Professor Mariusz Urbanski invites you to attend the PhD dissertation defense of Jason Atnip
"Conformal and Stochastic Non--Autonomous Dynamical Systems"
In this talk, we focus on the application of thermodynamic formalism to non--autonomous and random dynamical systems. Specifically we use the thermodynamic formalism to investigate the dimension of various fractal constructions via the, now standard, technique of Bowen which he developed in his 1979 paper on quasi--Fuchsian groups. Bowen showed, roughly speaking, that the dimension of a fractal is equal to the zero of the relevant topological pressure function. We generalize the results of Rempe--Gillen and Urbański on non--autonomous iterated function systems to the setting of non--autonomous graph directed Markov systems and then show that the Hausdorff dimension of the fractal limit set is equal to the zero of the associated pressure function provided the size of the alphabets at each time step do not grow too quickly. In trying to remove these growth restrictions, we present several other systems for which Bowen's formula holds, most notably ascending systems.

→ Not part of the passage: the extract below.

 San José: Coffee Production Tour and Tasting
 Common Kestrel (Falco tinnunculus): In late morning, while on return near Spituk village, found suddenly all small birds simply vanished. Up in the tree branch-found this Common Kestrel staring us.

We then use these various constructions to investigate the Hausdorff dimension of various subsets of the Julia set for different large classes of transcendental meromorphic functions of finite order which have been perturbed non--autonomously. In particular we find lower and upper bounds for the dimension of the subset of the Julia set whose points escape to infinity, and in many cases we find the exact dimension. While the upper bound was known previously in the autonomous case, the lower bound was not known in this setting, and all of these results are new in the non--autonomous setting.
We also use transfer operator techniques to prove an almost sure invariance principle for random dynamical systems for which the thermodynamic formalism has been well established. In particular, we see that if a system exhibits a fiberwise spectral gap property and the base dynamical system is sufficiently well behaved, i.e. it exhibits an exponential decay of correlations, then the almost sure invariance principle holds. We then apply these results to uniformly expanding random systems like those studied by Mayer, Skorulski, and Urbański and Denker and Gordin.